The count of lines below that include the string "Follow" is the whole answer; write it alone.

SOURCE INFORMATION –
====================

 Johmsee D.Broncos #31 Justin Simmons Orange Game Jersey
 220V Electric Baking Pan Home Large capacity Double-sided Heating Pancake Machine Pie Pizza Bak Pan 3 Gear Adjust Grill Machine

====================

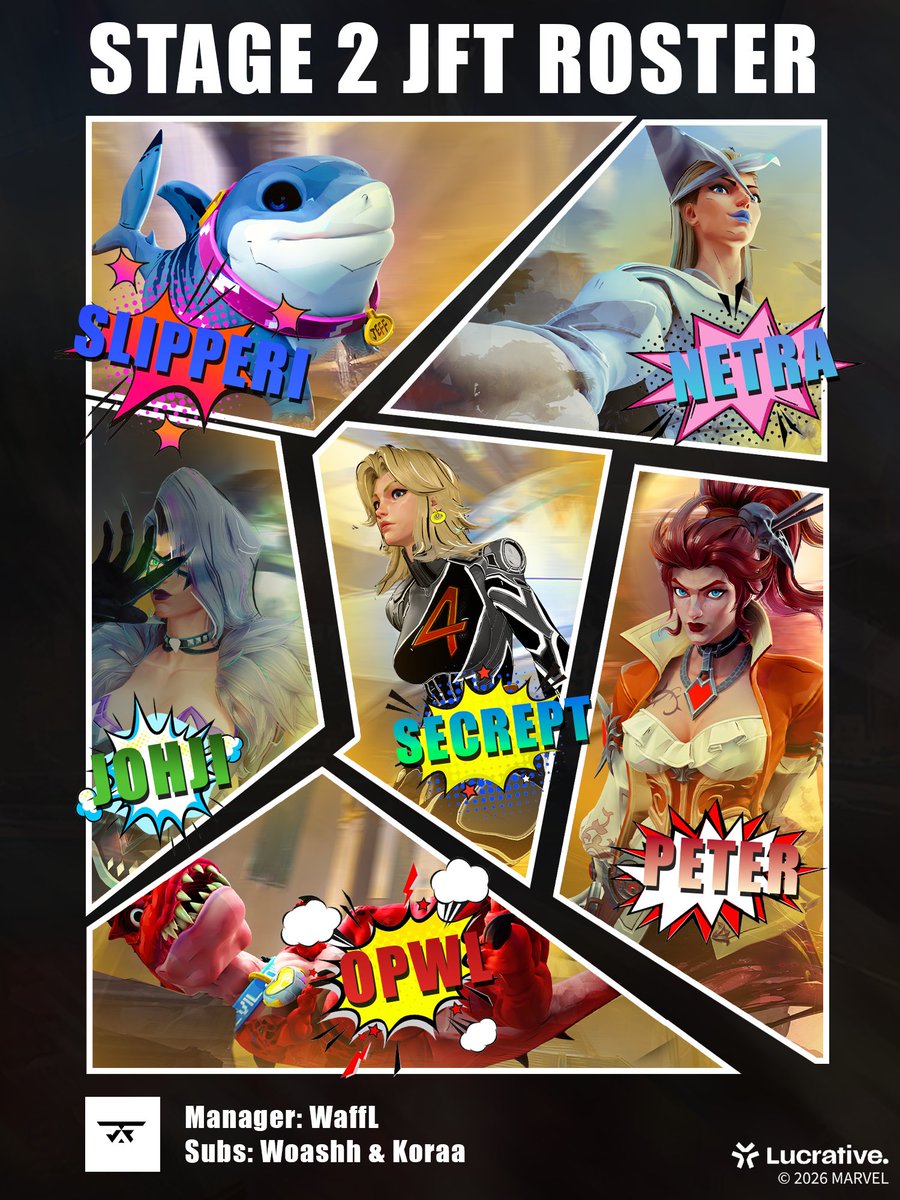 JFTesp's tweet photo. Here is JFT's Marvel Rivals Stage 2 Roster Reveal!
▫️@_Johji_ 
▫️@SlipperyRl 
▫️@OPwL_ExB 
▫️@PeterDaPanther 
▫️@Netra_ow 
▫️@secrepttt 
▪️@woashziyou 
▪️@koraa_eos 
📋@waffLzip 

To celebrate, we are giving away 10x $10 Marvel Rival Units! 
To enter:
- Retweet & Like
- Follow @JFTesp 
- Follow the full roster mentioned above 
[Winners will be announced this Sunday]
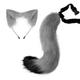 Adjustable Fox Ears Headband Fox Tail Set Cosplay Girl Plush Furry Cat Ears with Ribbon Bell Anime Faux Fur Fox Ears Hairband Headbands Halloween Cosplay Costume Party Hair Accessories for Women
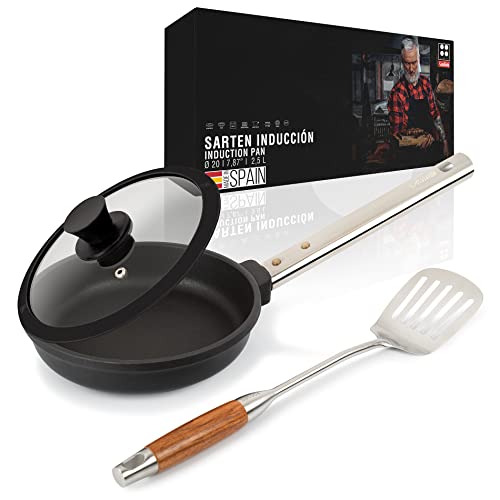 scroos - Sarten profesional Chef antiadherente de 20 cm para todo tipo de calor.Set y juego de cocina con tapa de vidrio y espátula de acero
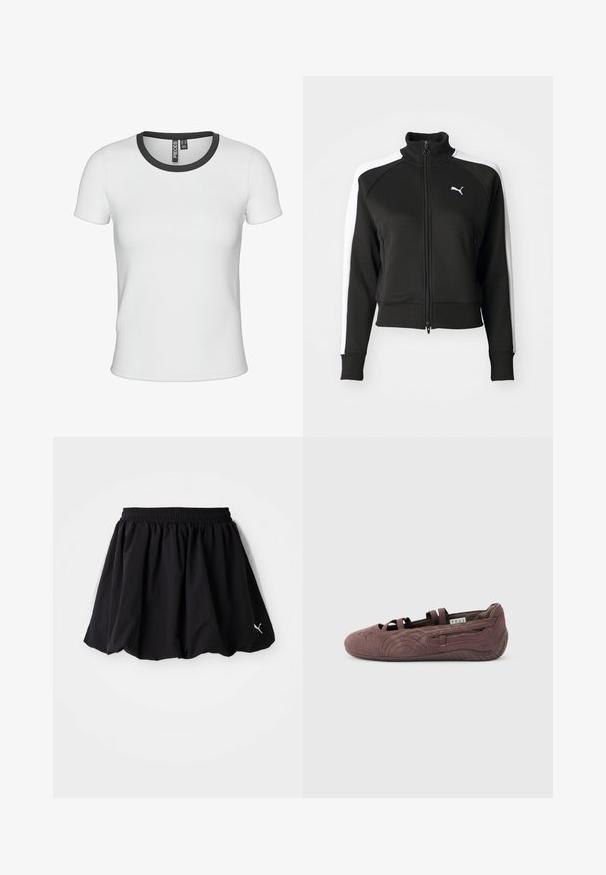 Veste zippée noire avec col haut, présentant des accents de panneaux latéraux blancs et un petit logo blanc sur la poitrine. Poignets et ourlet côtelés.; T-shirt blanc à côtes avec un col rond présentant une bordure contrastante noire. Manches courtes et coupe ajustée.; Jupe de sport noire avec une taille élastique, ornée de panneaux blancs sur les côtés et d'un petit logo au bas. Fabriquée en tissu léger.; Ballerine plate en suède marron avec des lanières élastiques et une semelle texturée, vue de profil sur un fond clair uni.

====================

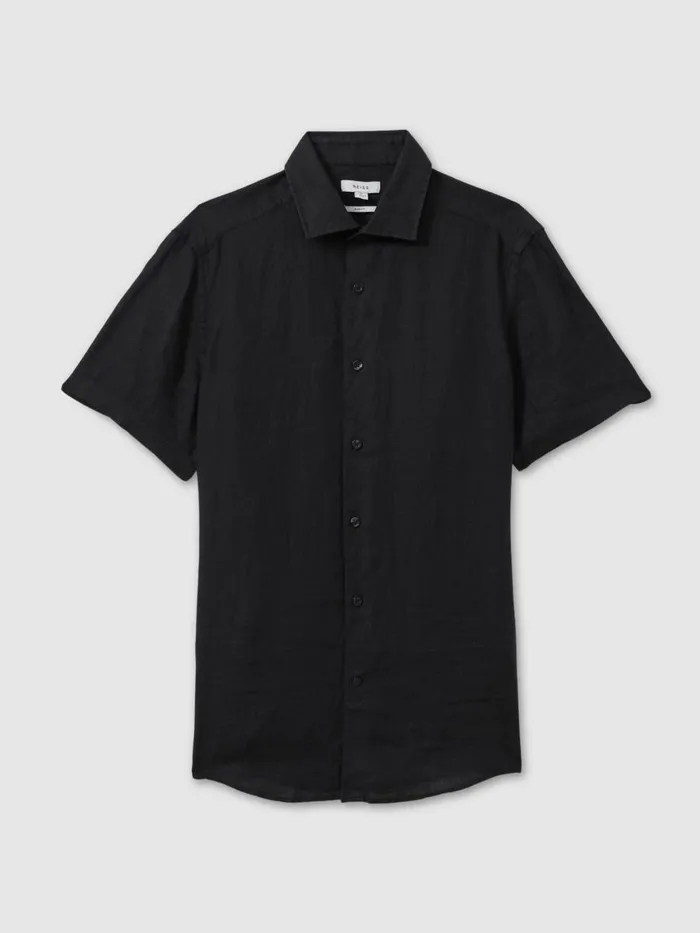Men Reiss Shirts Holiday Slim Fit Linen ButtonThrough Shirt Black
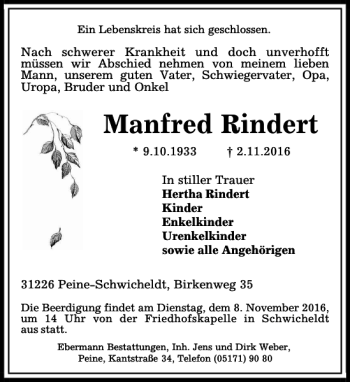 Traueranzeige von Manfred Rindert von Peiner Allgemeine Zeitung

====================

SOLUTION TO THIS EXERCISE – 2